On Sunday 9 October, St Peter Apostle parish in Hoppers Crossing celebrated their golden jubilee, marking 50 years since the consecration of their church. Archbishop Peter A Comensoli delivered the following homily at the jubilee Mass.

I first went on pilgrimage to the Holy Land in 1992. The land that Jesus walked on, and the places he visited and lived out his earthly life, are sometimes called the ‘fifth gospel’ because they form the essential locations for the proclamation of the Good News. Nazareth, the Jordan River, the Sea of Galilee, Capernaum, Bethany, Jerusalem, Calvary—each of these locations evokes for us images of the life, death and resurrection of the Lord we believe in. To visit them is to immerse yourself bodily in the bodily life of Jesus.

On that first pilgrimage to the Holy Land, it was Lake Galilee that most significantly stood out for me. Because it has not been built up over the centuries, it is easy to see the place in much the same way as Jesus did. There was, however, something quite unexpected about it: unlike the movies and pictures that depict Lake Galilee with golden sandy shores, in fact the beaches are composed of pebbles of dark volcanic stone. There’s nothing ‘golden and sandy’ about Lake Galilee; it’s all black and rocky. I ‘confiscated’ one of those pebbles and sneaked it back into Australia in a shoe, and I still have it on my mantel piece at home.

Unlike the Ethiopian from today’s first reading, who took back with him two bags of soil because he thought this was the only way of remaining connected to the God of Israel, who had healed him, we Christians hold and believe that God is present with us everywhere and anywhere. We do not believe that we must go somewhere to find the Lord who will heal us. The God of Jesus Christ is present not in some place where we must go to him; he is present in our lives where he comes to us.

Yet I find a special connection with a small black pebble from a beach that Jesus probably walked on. Why is that? May I suggest it points to an important feature of what it is to be a Christian: we believe in an incarnate God, a God who took on our human flesh, who lived among us, who died for us. Our God is the one true God who became one of us, so that we might fully and bodily share in his divine life. This reality—the reality that we can live our lives in Christ, even today, precisely by participating in his ongoing life among us.

We especially do this sacramentally: water washes away our sins and brings us into God’s heritage; the laying on of hands offers healing and forgiveness; oil confirms us in the Spirit or consecrates some as priests; the bodily intimacy of sexual union brings a married couple into the very heart of the sacrificial love of Christ. And, of course, we can touch and taste and see the very crucifixion of Jesus as we are nourished by his Body and Blood in the Eucharist. Ours is a bodily, incarnate, tangible faith; we have a God who comes to us in ways that bring us to him.

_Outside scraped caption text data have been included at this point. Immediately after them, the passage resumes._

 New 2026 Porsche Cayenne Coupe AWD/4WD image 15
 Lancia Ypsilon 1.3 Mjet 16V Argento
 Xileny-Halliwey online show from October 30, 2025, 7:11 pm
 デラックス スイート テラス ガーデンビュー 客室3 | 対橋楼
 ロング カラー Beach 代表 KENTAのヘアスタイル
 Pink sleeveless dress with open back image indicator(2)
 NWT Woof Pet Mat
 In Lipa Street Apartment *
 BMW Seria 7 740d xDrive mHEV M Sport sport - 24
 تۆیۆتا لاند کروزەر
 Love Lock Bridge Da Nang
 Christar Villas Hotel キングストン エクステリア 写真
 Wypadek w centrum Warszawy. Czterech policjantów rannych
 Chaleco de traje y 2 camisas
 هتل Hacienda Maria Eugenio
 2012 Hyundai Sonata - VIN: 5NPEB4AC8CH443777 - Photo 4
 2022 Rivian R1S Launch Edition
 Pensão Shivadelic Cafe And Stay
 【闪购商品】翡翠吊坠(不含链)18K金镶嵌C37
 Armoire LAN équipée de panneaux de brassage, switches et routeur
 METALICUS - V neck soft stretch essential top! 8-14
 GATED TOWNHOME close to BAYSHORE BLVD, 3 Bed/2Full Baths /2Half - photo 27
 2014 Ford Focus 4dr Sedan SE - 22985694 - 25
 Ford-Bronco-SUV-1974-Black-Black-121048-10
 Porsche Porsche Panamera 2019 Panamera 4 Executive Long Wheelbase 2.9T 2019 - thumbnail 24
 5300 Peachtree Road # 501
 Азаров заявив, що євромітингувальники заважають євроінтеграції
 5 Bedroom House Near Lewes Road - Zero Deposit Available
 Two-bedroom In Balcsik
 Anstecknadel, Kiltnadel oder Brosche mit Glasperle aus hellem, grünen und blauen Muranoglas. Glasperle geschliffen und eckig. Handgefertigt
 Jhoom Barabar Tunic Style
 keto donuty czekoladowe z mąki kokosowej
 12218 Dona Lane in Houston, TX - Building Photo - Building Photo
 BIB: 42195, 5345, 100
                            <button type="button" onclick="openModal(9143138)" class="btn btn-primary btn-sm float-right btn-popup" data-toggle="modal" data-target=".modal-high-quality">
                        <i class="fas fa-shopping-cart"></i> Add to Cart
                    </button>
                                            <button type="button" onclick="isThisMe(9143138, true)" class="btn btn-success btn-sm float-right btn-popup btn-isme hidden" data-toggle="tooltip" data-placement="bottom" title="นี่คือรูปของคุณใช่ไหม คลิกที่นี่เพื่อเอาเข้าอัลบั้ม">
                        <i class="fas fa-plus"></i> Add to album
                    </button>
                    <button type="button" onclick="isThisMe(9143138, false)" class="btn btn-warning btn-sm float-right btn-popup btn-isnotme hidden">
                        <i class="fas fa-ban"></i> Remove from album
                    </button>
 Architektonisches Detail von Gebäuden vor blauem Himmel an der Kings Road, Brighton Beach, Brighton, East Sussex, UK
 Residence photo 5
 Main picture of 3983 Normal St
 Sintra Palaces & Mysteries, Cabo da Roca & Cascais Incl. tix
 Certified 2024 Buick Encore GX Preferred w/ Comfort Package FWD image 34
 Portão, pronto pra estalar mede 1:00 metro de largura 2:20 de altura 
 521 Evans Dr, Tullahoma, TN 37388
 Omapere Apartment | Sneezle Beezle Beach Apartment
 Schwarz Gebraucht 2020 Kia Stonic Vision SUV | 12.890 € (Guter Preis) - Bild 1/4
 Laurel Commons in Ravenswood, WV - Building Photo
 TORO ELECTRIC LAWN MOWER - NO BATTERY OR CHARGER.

This sacred land, encompassing the Parish of St Peter’s, has this ‘house’ of the Church in Hoppers Crossing. It has been for 50 years the location of the local Church in Hoppers Crossing. The building itself, you know only too well, is not the Church as such. It is God’s pilgrim people, yourselves, journeying with God towards your heavenly homeland, that are the true Church here; you are Christ’s Body here. Yet this building, this house for the Church, holds tangibly the presence of God among you.

Like the Samaritan leper, who recognised in the healing presence of Jesus that God was with him, so have you known and treasured the Lord’s presence among you in this preciously held place. God has indeed been among you; here he has found you. Happy golden jubilee!